Chapin and Paradise got to work, declaring a mission to “delight and reward the brain and tongue” with pure, potent, and joyful cannabis products.

“We always wanted to be the Wilhemina Wonkas of weed,” she says. “Not the targeting of children, but in the bringing of childlike joy to adults. We wanted to build something for us, for those who enjoy leaning into the curiosity of cannabis—something for women, and for the queer community.”

“If Sonder ends up only appealing to the girls, the gays, and the theys, so be it.”

Chapin considers the Space Crystal candies a bubbly manifestation of that. Take the Cheers Queers flavor—a combination of strawberries and champagne, like the taste of a drag brunch—which intentionally launched during the holiday season, to remind those with more complicated family ties that they’ve got a queer family out there, everywhere. Unfortunately, even in 2021, the sentiment was lost on close-minded dispensary buyers.

“Some retailers really misunderstood and found it very off-putting to see the word ‘queer’ on a package—they just flat out refused to carry it,” she says.

It doesn’t bother Chapin too much, though. There are plenty of dispensaries out there that want to support queer brands, and many hundreds of thousands more customers waiting to feel more seen by legal cannabis products on shelves.

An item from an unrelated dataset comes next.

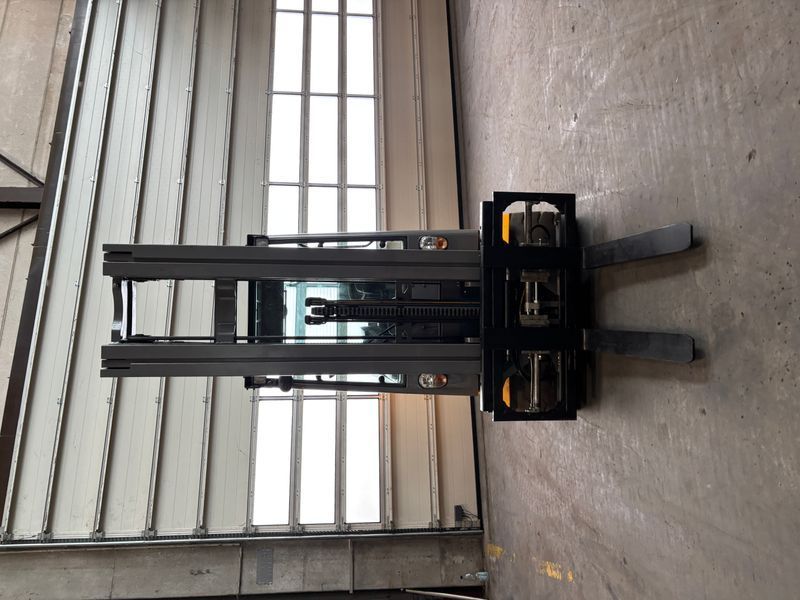 Použit&aacute; manipulačn&aacute; technika Jungheinrich EFG S 30- 650 DZ &mdash; Booster Lift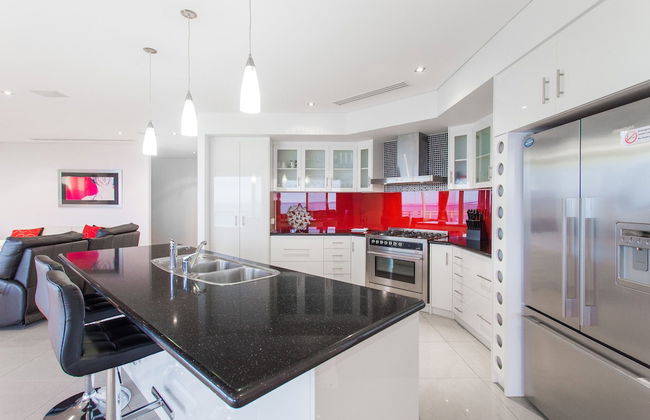 Spinnakers by Rockingham Apartments - Photo 18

Sonder has a suite of new flavors and higher THC dosages on the way—including Wakin Bacon (a maple bacon flavor with real bacon bits), a birthday cake styled Rainbow Briter, and cinnamon red hot-flavored Spooky Ooky, plus a diamond-infused, pre-roll line made in customized partnership with musician Qveen Herby. The brand will launch in Nevada next month, Michigan in the coming months, and New York next year. Bigoted dispensary buyers be damned—it looks like Sonder’s going to be just fine.

“If Sonder ends up only appealing to the girls, the gays, and the theys, so be it,” Chapin says. “That’s what, 70% of the market? Fine with us.”